AUCTION info...

   / AUCTION info... #21  
I love auctions and have bought lots of equipment. Each auctioneer has their own short-comings and things to look out for. Some auctioneers are really quite crooked, and nothing is ever at it seems. My favourites are municipal auctions. Especially when they decide to switch equipment brands. Say they get rid of all their Kubota grass cutting equipment and now go with JD for the next while.
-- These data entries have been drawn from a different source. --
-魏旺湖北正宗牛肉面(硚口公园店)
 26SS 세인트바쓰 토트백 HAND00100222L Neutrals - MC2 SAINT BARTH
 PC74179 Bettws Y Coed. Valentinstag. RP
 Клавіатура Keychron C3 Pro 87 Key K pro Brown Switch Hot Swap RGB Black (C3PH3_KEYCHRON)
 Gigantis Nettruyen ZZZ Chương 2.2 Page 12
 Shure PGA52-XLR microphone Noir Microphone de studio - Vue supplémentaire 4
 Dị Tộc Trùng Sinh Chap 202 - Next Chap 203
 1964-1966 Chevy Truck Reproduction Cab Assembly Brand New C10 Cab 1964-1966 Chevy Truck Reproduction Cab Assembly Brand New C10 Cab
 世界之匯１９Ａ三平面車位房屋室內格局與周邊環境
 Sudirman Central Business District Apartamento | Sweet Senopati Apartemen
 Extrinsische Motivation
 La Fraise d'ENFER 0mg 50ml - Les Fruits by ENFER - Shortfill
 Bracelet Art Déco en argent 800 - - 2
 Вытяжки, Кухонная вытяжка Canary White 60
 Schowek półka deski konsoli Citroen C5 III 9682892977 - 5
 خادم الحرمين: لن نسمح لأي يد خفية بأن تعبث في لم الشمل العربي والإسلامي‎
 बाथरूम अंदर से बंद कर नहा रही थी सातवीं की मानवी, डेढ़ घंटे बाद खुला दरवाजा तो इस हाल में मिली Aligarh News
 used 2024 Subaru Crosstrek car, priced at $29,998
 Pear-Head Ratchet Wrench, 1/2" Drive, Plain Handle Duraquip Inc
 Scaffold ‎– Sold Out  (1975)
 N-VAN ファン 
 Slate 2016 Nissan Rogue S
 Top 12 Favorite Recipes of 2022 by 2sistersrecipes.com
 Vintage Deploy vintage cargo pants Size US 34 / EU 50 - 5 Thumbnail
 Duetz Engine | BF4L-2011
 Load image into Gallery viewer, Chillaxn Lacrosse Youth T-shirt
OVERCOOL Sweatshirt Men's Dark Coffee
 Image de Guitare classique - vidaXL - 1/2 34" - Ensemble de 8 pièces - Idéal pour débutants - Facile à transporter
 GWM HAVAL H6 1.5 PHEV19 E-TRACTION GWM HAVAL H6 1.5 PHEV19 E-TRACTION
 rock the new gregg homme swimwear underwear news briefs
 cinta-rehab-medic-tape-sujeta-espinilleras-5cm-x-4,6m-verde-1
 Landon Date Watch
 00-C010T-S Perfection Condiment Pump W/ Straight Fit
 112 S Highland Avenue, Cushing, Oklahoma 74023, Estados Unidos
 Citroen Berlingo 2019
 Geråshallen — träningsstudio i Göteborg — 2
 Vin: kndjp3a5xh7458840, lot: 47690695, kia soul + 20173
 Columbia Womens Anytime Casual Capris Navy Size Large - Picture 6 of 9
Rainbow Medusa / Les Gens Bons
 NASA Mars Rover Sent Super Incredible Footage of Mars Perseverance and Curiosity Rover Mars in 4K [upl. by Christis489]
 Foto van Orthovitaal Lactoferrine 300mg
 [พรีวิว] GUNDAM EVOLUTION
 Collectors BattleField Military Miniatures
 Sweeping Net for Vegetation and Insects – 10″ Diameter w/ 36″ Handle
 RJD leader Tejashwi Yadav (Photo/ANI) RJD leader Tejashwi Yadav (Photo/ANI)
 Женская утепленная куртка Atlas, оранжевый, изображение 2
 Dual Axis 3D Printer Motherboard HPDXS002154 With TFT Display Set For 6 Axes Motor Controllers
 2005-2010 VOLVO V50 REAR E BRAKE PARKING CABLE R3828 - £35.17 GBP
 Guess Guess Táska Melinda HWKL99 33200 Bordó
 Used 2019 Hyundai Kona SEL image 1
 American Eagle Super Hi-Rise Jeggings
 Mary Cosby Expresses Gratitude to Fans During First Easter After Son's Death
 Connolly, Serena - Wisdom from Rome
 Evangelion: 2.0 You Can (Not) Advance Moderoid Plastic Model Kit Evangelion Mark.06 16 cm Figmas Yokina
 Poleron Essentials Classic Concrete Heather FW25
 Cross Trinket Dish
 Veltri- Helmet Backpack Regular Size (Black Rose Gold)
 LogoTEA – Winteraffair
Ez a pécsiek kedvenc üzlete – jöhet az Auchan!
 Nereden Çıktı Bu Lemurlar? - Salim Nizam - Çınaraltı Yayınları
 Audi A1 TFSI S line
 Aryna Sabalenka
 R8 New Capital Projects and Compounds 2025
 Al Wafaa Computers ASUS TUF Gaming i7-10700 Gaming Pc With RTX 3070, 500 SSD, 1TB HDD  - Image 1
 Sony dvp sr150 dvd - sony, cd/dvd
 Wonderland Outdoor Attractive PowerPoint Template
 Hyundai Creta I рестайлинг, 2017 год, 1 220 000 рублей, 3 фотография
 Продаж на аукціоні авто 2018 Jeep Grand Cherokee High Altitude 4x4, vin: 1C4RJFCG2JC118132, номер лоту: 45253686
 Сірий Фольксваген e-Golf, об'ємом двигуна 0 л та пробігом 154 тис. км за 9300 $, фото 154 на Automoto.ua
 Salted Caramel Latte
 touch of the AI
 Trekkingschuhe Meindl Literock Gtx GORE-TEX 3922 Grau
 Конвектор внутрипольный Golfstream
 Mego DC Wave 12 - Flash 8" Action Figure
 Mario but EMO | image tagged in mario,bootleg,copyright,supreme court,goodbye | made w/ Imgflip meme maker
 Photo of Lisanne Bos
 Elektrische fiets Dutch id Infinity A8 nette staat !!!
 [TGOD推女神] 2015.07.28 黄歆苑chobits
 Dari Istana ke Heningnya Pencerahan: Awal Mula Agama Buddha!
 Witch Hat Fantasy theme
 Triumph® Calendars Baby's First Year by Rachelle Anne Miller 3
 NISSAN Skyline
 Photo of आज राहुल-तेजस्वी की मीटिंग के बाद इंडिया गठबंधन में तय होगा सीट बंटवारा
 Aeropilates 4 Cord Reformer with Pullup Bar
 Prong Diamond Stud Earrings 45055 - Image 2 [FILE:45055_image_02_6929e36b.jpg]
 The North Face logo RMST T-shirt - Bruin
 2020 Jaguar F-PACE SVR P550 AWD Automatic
You have to know what market value is! I have been so preocupied by getting a good deal, that I have let a good deal slip through my hands, kicking myself at auctions end! My biggest annoyance at auctions is the buyers for used equipment dealers, who tend to buy the nicest and best equipment for immediate resale. But that's O.K. because I make sure, they
have to pay top dollar and don't get anything dirt cheap! lol

I also dislike auctions that have heavy fees, usually on lots under a certain amount. With taxes, that can add another quarter to the price, and it can easily be forgotten in the heat of bidding.

I know one guy who seems to have horse shoes up his . . . well, anyway he goes to estate auctions and buys boxes with sundry items for next to nothing. But he has spotted some rare limited edition book or piece of china, that he then sells on E-Bay for hundreds if not thousands! In short, he always makes money at auctions, and I only ever spend!:(

One thing auction newbies need to realize, is not to waste their time thinking they can get a good piece of equipment at a bargain basment price. You will rarely get anything below wholesale, market value. Unless the condition is really dubious, or it's just not an in-demand item. Many auctioneers will buy any equipment themselves, if they can buy it below wholesale.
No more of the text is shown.